The U.S.S. Brig Niagara was damaged and intentionally sunk for preservation purposes by the US Navy in Misery Bay. The Flagship Niagara was raised in time for the centennial of the Battle of Lake Erie in 1913. It is one of the last remaining ships from the War of 1812.
Presque Isle Bay serves as a harbor for Lake Erie, and is home to both pleasure boats and worldwide freighters.
The presence of the US Coast Guard signifies the importance of Erie’s shipping industry.
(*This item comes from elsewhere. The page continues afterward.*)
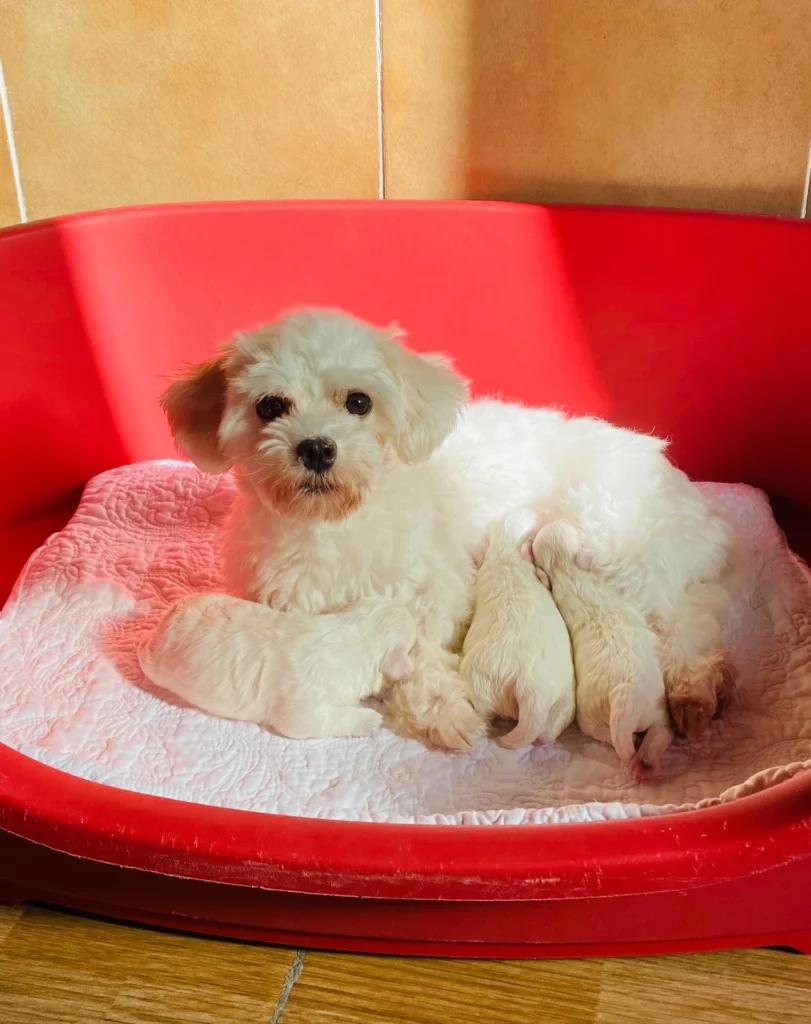 Camada de Bichon Maltes en Tarragona (Cataluña)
In addition to its status as an important Great Lakes shipping port, Erie has been an international port since 1959.
Waterworks Park Pumphouse, Circa 1917
Marshes and old ponds along the trail
Houseboats on Horseshoe Pond
The North Pier serves as the entrance to the Port of Erie.
Erie Harbor North Pier Light, also known as the Presque Isle North Pierhead Lighthouse, Circa 1858
Presque Isle State Park was chosen by the Pennsylvania Department of Conservation and Natural Resources (DCNR) and its Bureau of Parks as one of “Twenty Must-See Pennsylvania State Parks”.
Without a doubt, Presque Isle is one of the best parks we have visited! There is so much to see that we had to spend several weekends taking it all in! We hope to return in the winter to see the ice dunes that form on Lake Erie.
Adjacent to Presque Isle is Waldameer Park. It is the 10th oldest amusement park in the United States!